Está rodada de manera luminosa por Hiro Murai (realizador entre otras cosas del sobresaliente videoclip “This is America” de Childish Gambino) que ejerce las labores de director principal de la serie y se recrea en la belleza estética de una Naturaleza invasora tras el colapso y también en el notable y prolongado desarrollo que hace de los personajes, que irá confeccionando, cosiendo con delicadeza, cada uno de los fragmentos de sus personalidades que poco a poco se irán desvelando, y que darán forma a cada uno de ellos.
Es el relato sosegado de un comienzo, del punto de partida de una nueva civilización. La serie nos lleva al instante en el que se crean los mitos, a un tiempo en el que se establecen nuevos lazos fraterno-familiares y se aplican nuevos ritos y protocolos. “Station Eleven” transcurre en una era de mistificación de textos profanos (en este caso será , al igual que en “Utopía”, un cómic visionario titulado “Station Eleven”). Nos traslada al momento en el que aparecen nuevos profetas dispuestos a borrar todo rastro del pasado con la ayuda de una ferviente tropa de seguidores, un devoto ejercito de niños perdidos.“Station Eleven” habla de reconstrucción, de comunidad, de la reinvención del todo y principalmente del arte cómo una necesidad vital del ser humano.
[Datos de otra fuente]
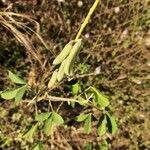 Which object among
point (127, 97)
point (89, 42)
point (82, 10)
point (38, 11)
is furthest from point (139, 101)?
point (38, 11)

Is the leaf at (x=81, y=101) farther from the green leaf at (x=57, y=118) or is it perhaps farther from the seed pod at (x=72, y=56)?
the seed pod at (x=72, y=56)

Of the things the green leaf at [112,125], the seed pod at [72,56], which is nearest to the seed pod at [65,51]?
the seed pod at [72,56]

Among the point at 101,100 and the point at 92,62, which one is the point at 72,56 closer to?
the point at 101,100

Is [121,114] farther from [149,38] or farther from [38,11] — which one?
[38,11]

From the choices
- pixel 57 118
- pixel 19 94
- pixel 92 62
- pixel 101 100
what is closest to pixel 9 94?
pixel 19 94

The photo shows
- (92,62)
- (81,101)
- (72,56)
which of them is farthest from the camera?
(92,62)

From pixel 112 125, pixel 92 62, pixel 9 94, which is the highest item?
pixel 92 62

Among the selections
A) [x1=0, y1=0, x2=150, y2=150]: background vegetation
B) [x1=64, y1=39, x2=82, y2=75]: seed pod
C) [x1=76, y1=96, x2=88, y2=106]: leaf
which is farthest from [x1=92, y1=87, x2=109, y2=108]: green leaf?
[x1=0, y1=0, x2=150, y2=150]: background vegetation

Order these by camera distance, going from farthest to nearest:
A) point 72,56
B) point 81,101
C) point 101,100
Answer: point 81,101
point 101,100
point 72,56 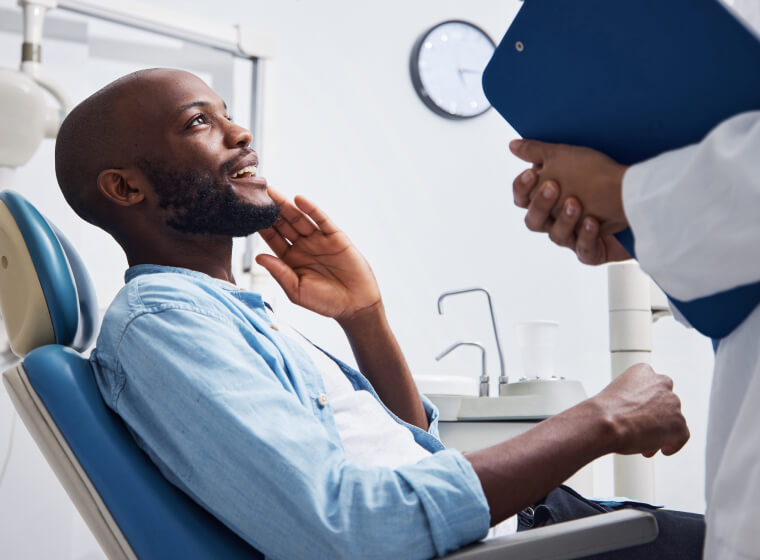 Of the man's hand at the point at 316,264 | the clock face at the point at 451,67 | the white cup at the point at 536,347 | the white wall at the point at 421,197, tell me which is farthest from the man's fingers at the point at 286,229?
the clock face at the point at 451,67

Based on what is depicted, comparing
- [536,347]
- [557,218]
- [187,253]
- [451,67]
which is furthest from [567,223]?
[451,67]

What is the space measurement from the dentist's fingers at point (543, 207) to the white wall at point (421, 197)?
5.36ft

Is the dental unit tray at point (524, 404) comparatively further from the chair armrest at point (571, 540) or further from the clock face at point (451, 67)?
the clock face at point (451, 67)

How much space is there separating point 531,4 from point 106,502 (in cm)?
67

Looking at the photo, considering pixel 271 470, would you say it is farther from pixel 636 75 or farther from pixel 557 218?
pixel 636 75

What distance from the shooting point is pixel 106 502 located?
0.82 meters

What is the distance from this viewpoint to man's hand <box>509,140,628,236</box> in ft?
2.64

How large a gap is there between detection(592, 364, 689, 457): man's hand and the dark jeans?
0.68ft

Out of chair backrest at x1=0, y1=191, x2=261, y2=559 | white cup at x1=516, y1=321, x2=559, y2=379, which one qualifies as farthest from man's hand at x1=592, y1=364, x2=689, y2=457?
white cup at x1=516, y1=321, x2=559, y2=379

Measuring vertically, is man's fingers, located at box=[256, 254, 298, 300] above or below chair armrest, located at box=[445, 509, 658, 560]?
above

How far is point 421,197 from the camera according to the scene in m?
2.78

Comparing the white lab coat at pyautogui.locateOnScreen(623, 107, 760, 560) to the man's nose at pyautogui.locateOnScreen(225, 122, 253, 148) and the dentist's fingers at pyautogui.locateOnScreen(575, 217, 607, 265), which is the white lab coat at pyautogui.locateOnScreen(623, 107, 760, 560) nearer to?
the dentist's fingers at pyautogui.locateOnScreen(575, 217, 607, 265)

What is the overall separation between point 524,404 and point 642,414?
95 cm

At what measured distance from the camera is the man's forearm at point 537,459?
0.80 metres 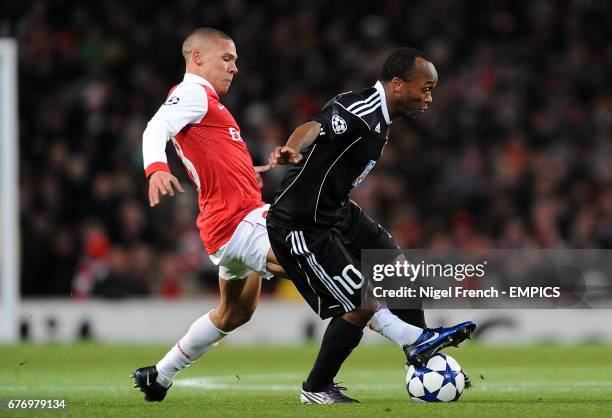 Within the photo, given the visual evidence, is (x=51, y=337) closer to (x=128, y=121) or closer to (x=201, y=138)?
(x=128, y=121)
Es una serie muy agradecida, repleta de “Easter Eggs” (muchos de ellos relacionados con la obra de Shakespeare pero también hay guiños a la serie Star Trek y a otras múltiples referencias de la cultura popular) que cuenta con secuencias realmente hermosas y en la que sobresale un acertado uso de la música incidental (un omnipresente Score original a cargo de Dan Romer) junto con una impecable y variopinta selección de composiciones añadidas que van desde lo clásico (“Tocata en D Menor” de Bach) hasta lo groovy, con magníficos temas como “Your Sweet Home” de Lee Hazlewood (crooner condenado al olvido que entre muchas otras grandes canciones escribió aquel “Something Stupid” que popularizara Frank Sinatra en dueto con su hija Nancy) y otras joyas del soul, funk y del jazz más refinado. En “Station Eleven” podemos escuchar música de Parliament, The Vanguards, Etta James, The Impressions o Art Blakey en perfecta armonía con “La Campanella” de Liszt en versión de Paganini o una sorprendente e inesperada interpretación de “Excursions”, tema interpretado originalmente por la banda de Hip-Hop, A Tribe Called Quest, y que supone uno de los momentos cumbre de este delicado y sorprendente regalo navideño que nos ha llegado en formato de serie.